At the first Board of Governors (BoG) debate, the incumbent candidates didn’t have much to defend as both newcomers failed to show.
The debate featured only Jeanie Malone and Max Holmes, the two students who currently represent UBC Vancouver on the Board and are running for re-election to their fourth and second terms respectively. Their discussion covered a wide swath of topics, but affordability was a consistent theme throughout.
Candidates Brandon Conner and Axel Kong, both of whom are running without prior student governance experience at UBC, did not attend the debate. In an emailed statement to The Ubyssey, Conner said he couldn’t come because of a class conflict.
“… rest assured I will be there attending the Great Debate on Friday,” he wrote.
Kong said he did not take part for “personal reasons,” but he’ll try his best to make the next debate.
“I think everyone would agree with me that persona[l] health and matters take precedence over everything else. I think the debate is just one way to reflect the platform, and there are many other ways to do so,” wrote Kong in a written statement to The Ubyssey.
Having worked together closely on the Board over the past year, Malone and Holmes found themselves openly agreeing and building upon each other’s ideas throughout the debate.
When asked what issues are under-discussed in Board meetings, both candidates brought up ways of easing the burden on students’ pocketbooks. Malone answered that food insecurity and the accessibility of health services on campus were mentioned briefly in meetings this year — but not enough.
Holmes said he hopes to revive discussion of affordable student housing that has died down since the Housing Action Plan was passed.
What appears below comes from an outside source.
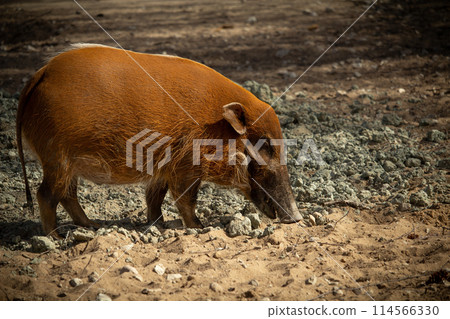 Red river hog (Potamochoerus porcus) or bush pig. Red river hog (Potamochoerus porcus) or bush pig. 114566330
“How can we look at new developments that are coming in around the Stadium Road Neighbourhood to provide affordable housing? How can we even look at partnering with the City of Vancouver, around having off-campus housing? [Or] working with perhaps the AMS to create housing off-campus?” Holmes said.
Both candidates emphasized the need for a strategic plan on affordability, an idea that they advocated for several times throughout the debate and in BoG meetings over the past year.
“… if we can pull together some of these smaller pieces — whether it’s the food insecurity piece or the student housing piece — into a comprehensive affordability plan, [it will] help the Board have a better dashboard and a better pulse of what's going on,” said Malone.
She added that she would need to see such a plan before she could ever vote for tuition increases — a constant source of frustration among students, according to feedback to the university’s consultation.
Holmes agreed, noting that he’s “proud” to have voted against this year’s increases. He added that the Board should use its relationship with the provincial government to lobby for graduate student funding that is competitive with what other provinces provide.
On the topic of sustainability, the candidates lauded student groups like UBCC350 for the role their activism played in pushing the Board to declare a climate emergency and commit to full divestment from fossil fuels.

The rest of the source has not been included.